I’ve gone to the last couple of fiber festivals with only $30 to spend on wool. This has actually been a blast rather than depressing because I take a penny candy approach to fiber and only buy an ounce or two of something here and there, and come home with a riot of color and new breeds to try out. If I’ve got a little extra cash after seeing all of the booths, I’ll go back for something in 4 ounces or so that caught my eye and spend my last $10-$15.
What caught my eye at the last NJ sheep festival was some Gotland – I had “gotten” some the previous year in a pale grey and loved spinning it. This was a darker chocolately grey – not too light, not too dark. I fondled some roving that was loose in a basket and asked if the breeder had more for sale.
I got it wound flat and sealed in a bag – it looked a bit odd to me, but I’m still a bit of a sheepy noob and figured it was just processed a bit differently…
But when I got home, it was what I feared – a felted mass.
It could have nearly been a sheepy collar as-is.
I’m not going to call out the breeder (who I spotted at Rhinebeck as well) because it was my fault for not inspecting it before I bought it, and frankly, not exactly knowing what I was buying to begin with – perhaps this wasn’t really roving but woolen rope? Instant dreadlocks? A chair pad? When I asked for roving, the breeder thought I said, do you have a spiral of felted mess for sale?

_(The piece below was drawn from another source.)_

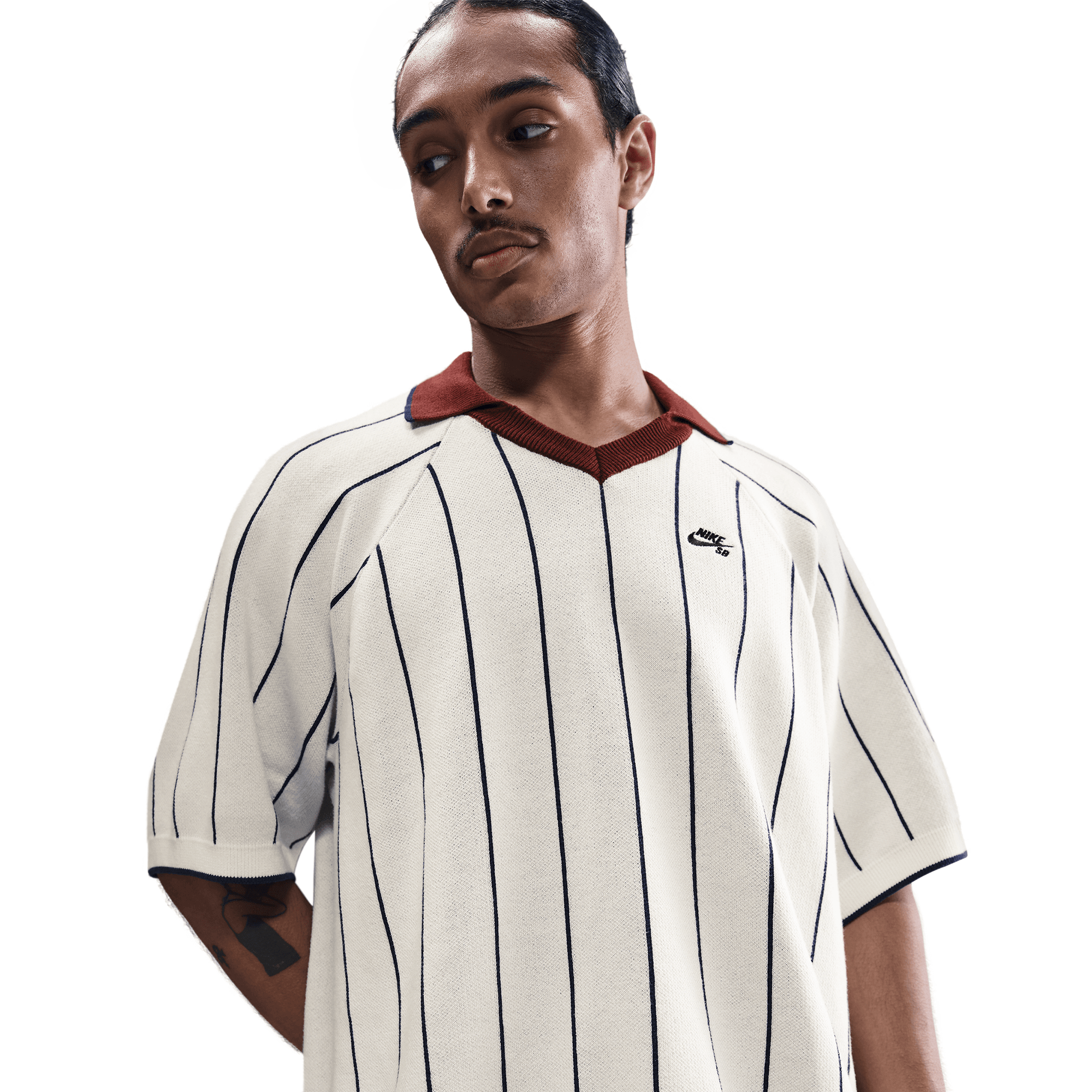 Sail/Dark Team Red Short Sleeve Nike SB Jersey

So I ripped it apart and tugged it a bit to see if it could be salvageable into yarn.
(I didn’t want to leave it as felt – the point was to spin some more Gotland, and I wanted to get what I thought I got.)
The resulting “roving” was a limp yet stiff, lifeless mess.

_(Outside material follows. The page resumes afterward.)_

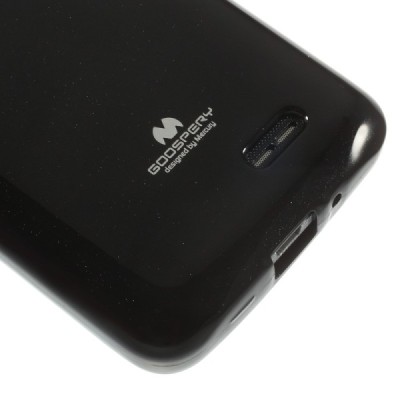 LG L70 D320 Mercury melns cieta silikona (TPU) futrālis / Vacins.lv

So I tugged, and tugged, and tugged some more and managed to free a lock:
But I nearly freed some tendons and joints from their connective bits in the process, so it was not going to be worth it to try to completely free the fiber back into a softly spinnable state.
So I ran the whole shebang through the wheel to add a slight bit of twist to help round things out.
It was the fastest spinning I’ve ever done.
After a nice long soak, it looked even more like dreadlocks.
I had to try them on – playing with them took up more time than spinning them…
But now I’ve got a tad over 20 yards of mega bulky Gotland…
And I might end up needle felting it into a chair pad after all…
3 responses to “$15 mistake; Middle-aged dreadlocks”
Ha! Dreads seemed to be all the rage for middle-aged hipster hippies (yes, there is such a class apparently) in Queenstown, New Zealand.
Oh, I hope you’re having a great trip – would love to visit there, middle-aged hipsters and all!
You would love it. It has everything you’re into: hiking, sheep, wool products everywhere, and mellow people who are all about DIY projects.